Indeed, I was living that lifestyle at the bar that evening by tasting these wines – particularly developing a crush on Les Clans – while Alain was drinking a martini. He would have one more before moving on to wine.
“Stu, here, was the first to buy two pallets of the first vintage at Caesars [Palace]. Nobody cared about rosé back then. It was courageous that Stu bought it,” he motions to Stu Roy, who was seated to the left of me. The Director of High Image Accounts at Southern Glazer’s Wine and Spirits of Nevada and Alain go back 20 years.
“We’re so close, when one cuts the onion, the other one cries,” laughs Alain.
“You know, it [Whispering Angel] was in Mesa Grill for 10 years and Bobby [Flay] loved it so much he named one of his race horses “Whispering Angel,” says Stu.
“Anyway, there is less than a gram of sugar in Whispering Angel so I tell the ladies you can almost call it diet wine. Voila!” He reveled in his own words, as his dark brown eyes smiled behind his feather-light frames.
“He has the best jokes!” says Stu taking another sip of the Angel.
But the fast and famous Whispering Angel is also kin to one of the most expense rosés on the market, Garrus, also a D’Esclans offering. Made from fruit of vintage Grenache and Rolle (Vermentino) grapevines, the wine has the potential to age for five to 10 years.
“So I said to Stu, I have a rosé for you, it’s $100 a bottle,” “And he told me, ‘a rosé for $100? There is no way I’ll buy it.’ Do you know what I told him? You’re sounding like a Frenchman!” Laughter from both sides.
Suddenly, out of his pocket comes something to complete the joys of rosé, the coveted Whispering Angel tattoo. Not pink, but gold, maybe even rose gold in color. Indeed, it was just a small slice of this rosé phenomenon and lifestyle, which has taken over the Hamptons and South Beach, to festive Côte d’Azur weekend jaunts and exhibited by Instagram hashtags that go for miles below a refreshing photo of a rosé or a boomerang of clinking glasses.
“Alain beat the streets and put rosé in 107 countries,” says Stu. “He made everyone want to drink rosé.”
In 2006, Chateau d’Esclans produced 10,000 cases of Whispering Angel. In 2016, 360,000 cases. 2017 was the year rosé replaced French red and white wines as the top category seller in the U.S. Approximately one in every five bottles of rosé sold in the states now comes from Chateau d’Esclans. The brand embodies hip sophistication, vivaciousness, candor, conviviality. Total millennial madness. Wine critic Jancis Robinson called it “more palate-grabbing by far from the Provençal pink norm.”

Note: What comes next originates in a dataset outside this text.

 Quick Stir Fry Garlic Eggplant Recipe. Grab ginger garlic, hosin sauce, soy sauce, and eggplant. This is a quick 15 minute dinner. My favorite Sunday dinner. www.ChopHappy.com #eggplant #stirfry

As he joyfully flipped through the three-inch book of media clippings he carries around like a trophy, he reminded me that beyond the brand’s global dominance, he and Sacha have always been committed to growing the category. This has made fellow growers, winemakers and consumers alike pleased to be in the pink. Overall, rosé imported to the United States is projected to reach 3 million cases by 2020. Less than a decade ago, rosés from Provence stood at just 123,000 cases in the U.S. market.
What is the key to his success? “Persistence, I think so,” says Alain. “I dedicated my life to it so I believe in it and honor that relationship and friendship [with Sacha]. Voila, it’s in the heart!”
As we walked out, he left me with one more thing to think about. “This is called ‘Let me blow you away!'” This time he pulled out a red, silk handkerchief from his jacket, he swiftly moved it across the air, tucked it into his fist, opened up his hands to reveal nothing. Then after a few more fancy hand motions, voila! The handkerchief reappeared.
Magic. But the biggest applause goes to the rosé appearing in everyone’s glass.